I came to USICH after serving as the point person for housing and homelessness programs at a county human services agency in the Twin Cities metro area. My time at Dakota County provided ample lessons about the practical realities of reaching people experiencing homelessness with the right intervention at the right time; the need to harmonize efforts across programs and organizations; having service capacity responsive to a wide spectrum of needs; and the importance of testing and refining policy based on a hard-nosed, ground-level assessment of its application. It was a privilege in my last job to develop and refine policy and programs by engaging our customers—people experiencing homelessness and staying in shelters, transitional housing and supportive housing—in shaping changes, and working with many talented and passionate professionals in the process as well. The opportunity to implement new policies designed to speed exits from shelters and, the next month, talk with shelter residents about the impact of those policies was a powerful and often humbling experience.

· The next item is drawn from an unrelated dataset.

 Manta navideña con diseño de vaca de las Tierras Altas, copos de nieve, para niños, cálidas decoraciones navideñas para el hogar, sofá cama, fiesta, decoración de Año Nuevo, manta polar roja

Perhaps it was cynicism engendered by a mired Congress, or too many stump speeches leading up to the election, but I expected to come to D.C. in sales mode: convincing government about the need to put effort into the goals and strategies of Opening Doors. That would be familiar. Before Dakota County, I’d spent the previous 15 years at scrappy nonprofits like Hearth Connection, St. Stephen’s Human Services, and the Corporation for Supportive Housing often trying to pitch elected officials and public sector colleagues about this great idea of supportive housing for people with long histories of homelessness. Just before leaving for Washington, I also was reminded by a friend, mentor and former Federal bureaucrat of an adage about bureaucracy: you can pound on the head of the dragon, and three months later, its tail might twitch.

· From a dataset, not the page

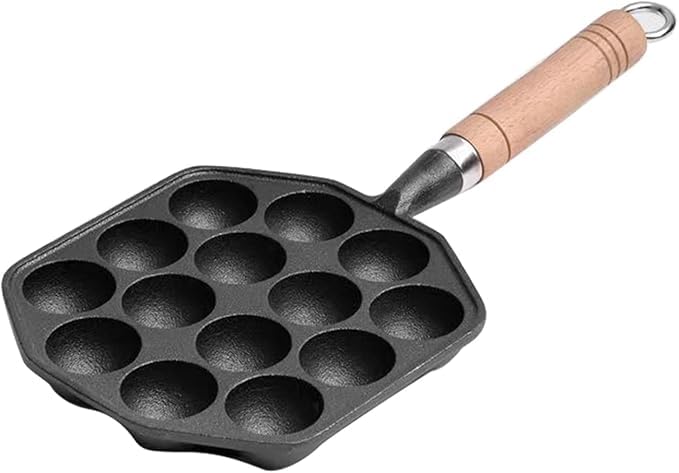 SAHAJ Enterprise 14 Hole Takoyaki Pan, Non-Stick Cast Iron, Black, 17cm x 17cm, With Removable Handle, Suitable for Home Pancake Baking  - Image 1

The shock then is to find—from my very first day in this new role—that Federal agencies are not only bought in on the goals of Opening Doors, they are moving mountains to achieve those goals. By refining and focusing each agency’s efforts and operating effectively together across agencies on shared efforts to end homelessness, the volume of effort and deep dedication of hundreds of leaders in the Federal government is as inspiring as it is unexpected. If this is what it means to be a Federal bureaucrat, then I am honored to join their ranks.
Our challenge is less about the sales pitch and more about focus: it is about trying to eke every last bit of impact out of our opportunities, at a Federal level and in partnerships with our collaborators across the country: other units of government, the nonprofit sector, the philanthropic community, the private sector, people experiencing homelessness, and other allies. I appreciate in a deeper way now that much Federal activity is invisible, occurring behind an impenetrable but essential curtain of concurrence. Concurrence is Washington talk for agreement and alignment. For big agencies to move mountains they have to agree, internally and with each other, to move them and on how to move them. The work of brokering that agreement, anticipating impacts, vetting contingencies, and preparing for the move is a huge part of what I’ve observed happening on the inside. This may not be very glamorous work but it is essential for making meaningful and lasting progress.

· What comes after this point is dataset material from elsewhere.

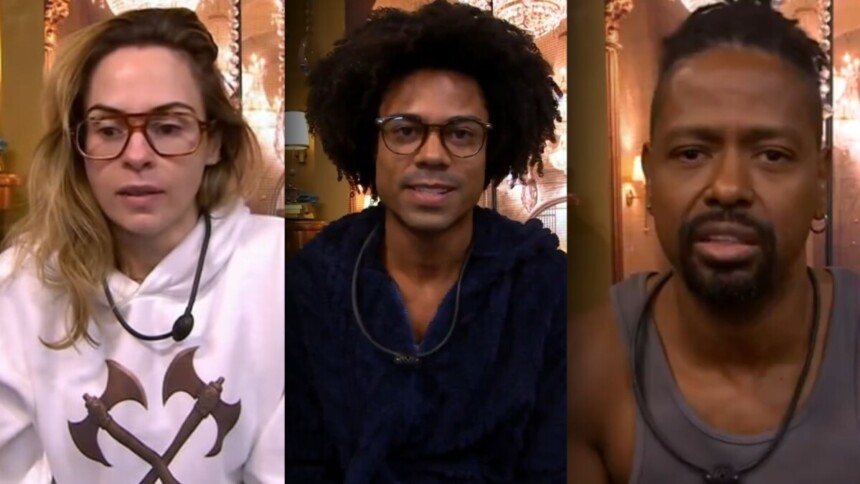 Ana Paula Renault, Breno e Leandro em uma montagem no confessionário do BBB 26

But the conversation doesn’t end there. First, you shouldn’t take my word for it. The fact that we’re working hard—like everyone else in this field—doesn’t give us a pass. We all need to continue to push, challenge, and inspire one another until everyone in this country has a safe and stable place to call home. Second, I hope you don’t let cynicism win. Every Federal agency I’ve worked with appreciates the wisdom, know-how and creativity that our partners outside of the Federal government bring to this conversation. We need your ideas, your energy and your engagement. If there is a better antidote to cynicism than getting involved, I don’t know what it is. And I can assure you, we not only welcome your involvement, we know that all of us need to be engaged to achieve our shared goals to end homelessness. It’s an honor to have this opportunity to support our shared efforts, and I look forward to working with you in my new role.